Automatic Cleanup of Intermediate Files

Pipelines can automatically clean up intermediate outputs once downstream stages complete. Add a cleanup field to any stage that produces temporary files:

stages:
  - name: reconstruction
    config: infer/icarus/latest.cfg
    files: /path/to/input/*.root
    output: output_reco
    # Clean up output_reco/ after all dependent stages finish
    cleanup:
      - output_reco
      - temp_files
  
  - name: analysis
    depends_on: [reconstruction]
    config: infer/icarus/analysis.cfg
    files: output_reco/*.h5
    output: output_analysis

The cleanup job:

  • Only runs if downstream stages complete successfully (afterok dependency)
  • Runs as a minimal resource job (1 CPU, 1GB RAM, 10min timeout)
  • Safely checks for path existence before removal
  • Logs all cleanup actions for auditing

This is especially useful for large-scale production to save disk space by removing intermediate reconstruction outputs after final analysis completes.

Advanced Features

Custom Software Paths

# Use custom LArCV installation
./submit.py --config infer/icarus/latest.cfg --source data.root --larcv /path/to/larcv

# Enable flash matching
./submit.py --config infer/icarus/latest.cfg --source data.root --flashmatch

Job Dependencies

# Submit with dependency on another job
./submit.py --config infer/icarus/stage2.cfg --source output/*.h5 --dependency afterok:12345

Array Job Optimization

# Process 5 files per job (reduces overhead)
./submit.py --config infer/icarus/latest.cfg --source data/*.root --files-per-task 5

# Limit concurrent tasks to 50
./submit.py --config infer/icarus/latest.cfg --source data/*.root --ntasks 50

Detector-Specific Guides

ICARUS

ICARUS uses split cryostat processing with cosmic overlay:

# Standard cosmic overlay processing
./submit.py --config infer/icarus/latest.cfg --source data.root

# Data-only mode (no truth labels)
./submit.py --config infer/icarus/latest_data.cfg --source data.root

# NuMI beam configuration
./submit.py --config infer/icarus/latest_numi.cfg --source data.root

# Lite output (reduced file size)
./submit.py --config infer/icarus/icarus_full_chain_data_co_lite_250625.cfg --source data.root

SBND

./submit.py --config infer/sbnd/latest.cfg --source data.root

2x2

2x2 uses higher resource requirements:

./submit.py --config infer/2x2/latest.cfg --source data.root --profile s3df_ampere

ND-LAr

./submit.py --config infer/nd-lar/nd-lar_base.cfg --source data.root

Troubleshooting

Environment Not Set

WARNING: MLPROD_BASEDIR not set. Did you source configure.sh?
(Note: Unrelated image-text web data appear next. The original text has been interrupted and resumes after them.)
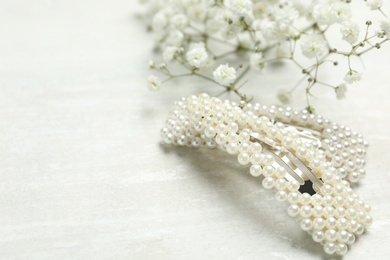 Beautiful hair clips and flowers on white table. Space for text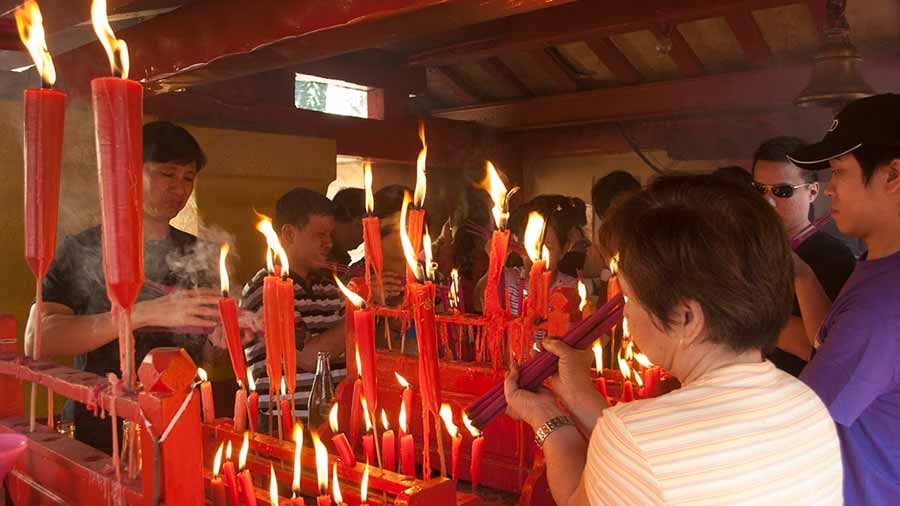 Devotees light candles and incense sticks at the Achipur temple 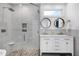Lovely bathroom featuring white cabinets, double sinks, and a modern glass-enclosed shower at 917 Haddon Hall Dr, Apex, NC 27502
Solution: Source the environment:

source configure.sh

Missing Dependencies

ERROR: jinja2 is required. Install with: pip install jinja2

Solution: Install Python dependencies:

pip install jinja2 pyyaml

Job Failures

  1. Check SLURM logs in jobs/<job_dir>/logs/
  2. Review job metadata in jobs/<job_dir>/job_metadata.json
  3. Test configuration on a single file with --dry-run
  4. Verify input files exist and are accessible

Out of Memory

Solution: Use a profile with more memory or override memory:

./submit.py --config infer/icarus/latest.cfg --source data.root --profile s3df_ampere

Or override memory:

./submit.py --config infer/icarus/latest.cfg --source data.root --mem-per-cpu 16g

Job Time Limit

Solution: Request more time:

./submit.py --config infer/icarus/latest.cfg --source data.root --time 4:00:00

Legacy Scripts

The original submission system (run.sh, slurm/run_slurm.sh) is still available for backwards compatibility but is deprecated. New users should use submit.py.
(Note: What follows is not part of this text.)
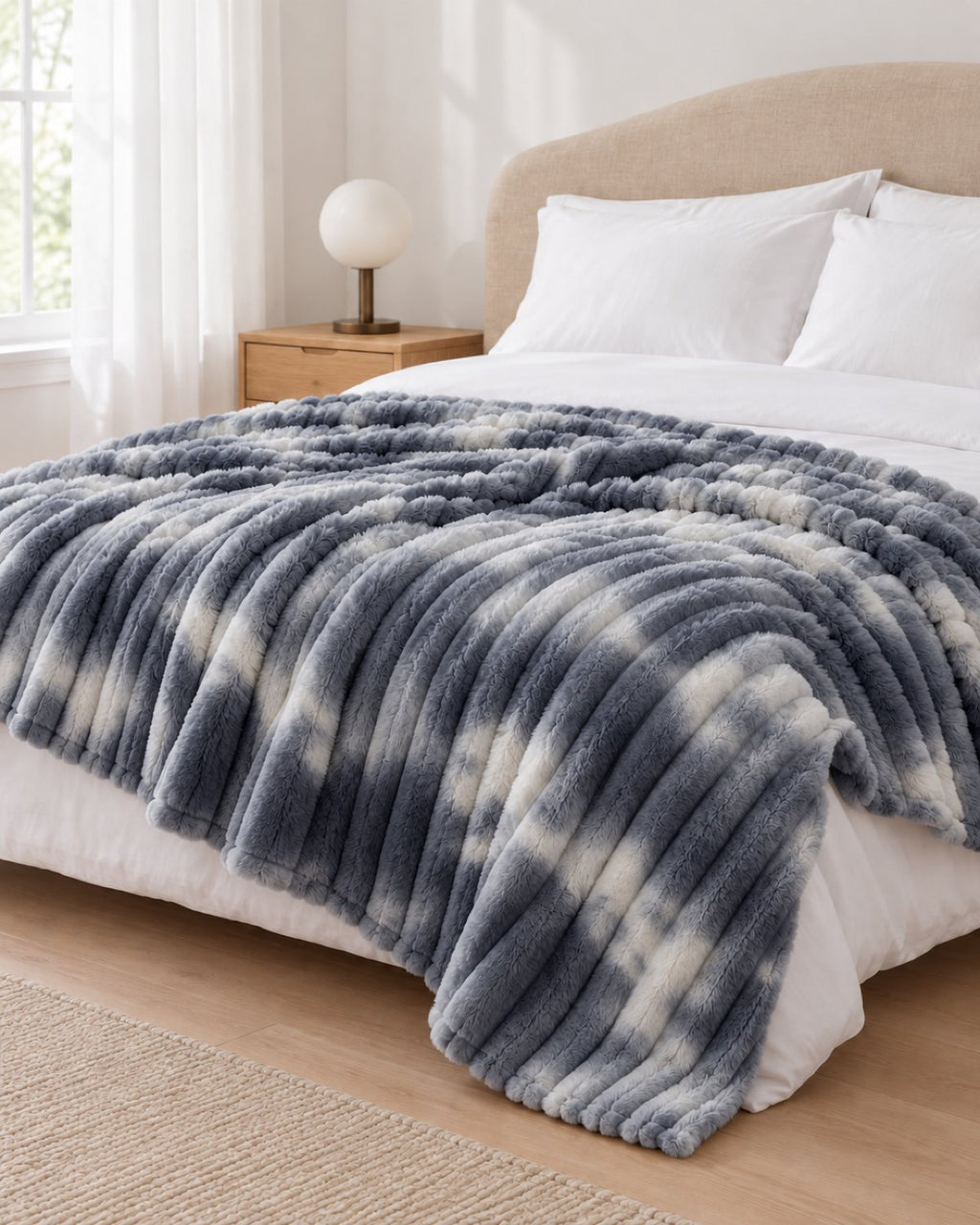 Plaid polaire côtelé Douillette, coloris tie-dye gris, sur un lit, chambre claire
Migrating from Legacy Scripts

Old:

./run.sh -c infer/icarus/latest.cfg -n 50 -t 2:00:00 file_list.txt

New:

./submit.py --config infer/icarus/latest.cfg --source-list file_list.txt --ntasks 50 --time 2:00:00

Best Practices

1. Test Before Production

Always test configurations on a small sample:

# Test with dry run
./submit.py --config infer/icarus/latest.cfg --source test.root --dry-run

# Test with single file
./submit.py --config infer/icarus/latest.cfg --source test.root

2. Use Appropriate Profiles

  • Use s3df_ampere for high-performance GPU processing (default)
  • Use s3df_turing for cheaper GPU inference
  • Use s3df_milano or s3df_roma for CPU-only analysis

3. Optimize File Batching

# For many small files, batch them
./submit.py --config infer/icarus/latest.cfg --source small_files/*.root --files-per-task 10

# For large files, process individually
./submit.py --config infer/icarus/latest.cfg --source large_files/*.root --files-per-task 1

4. Monitor Resource Usage

Check actual resource usage to optimize future jobs:

seff <job_id>

5. Track Your Work

Job metadata is automatically saved. Keep important job directories:

# Jobs are in timestamped directories
ls -lt jobs/

Environment Variables

Set by configure.sh:

  • MLPROD_BASEDIR - Base directory of this repository
  • MLPROD_CFGDIR - Configuration directory
  • SPINE_BASEDIR - SPINE installation path
  • FMATCH_BASEDIR - OpT0Finder installation path
  • SINGULARITY_PATH - Container image path

Contributing

Adding New Profiles

Edit templates/profiles.yaml:

profiles:
  my_custom_profile:
    partition: my_partition
    gpus: 2
    cpus_per_task: 16
    mem_per_cpu: 8g
    time: "6:00:00"
    description: "My custom profile description"

Adding Detector Defaults

Edit templates/profiles.yaml:

detectors:
  my_detector:
    default_profile: s3df_ampere
    configs_dir: infer/my_detector
    account: "my:account"

Development

Installation for Development

For contributors who need to run tests and development tools:

# Create a virtual environment (recommended)
python -m venv .venv
source .venv/bin/activate  # On Linux/Mac

# Install SPINE (required for running parsing tests)
pip install "spine-ml @ git+https://github.com/DeepLearnPhysics/SPINE.git@main"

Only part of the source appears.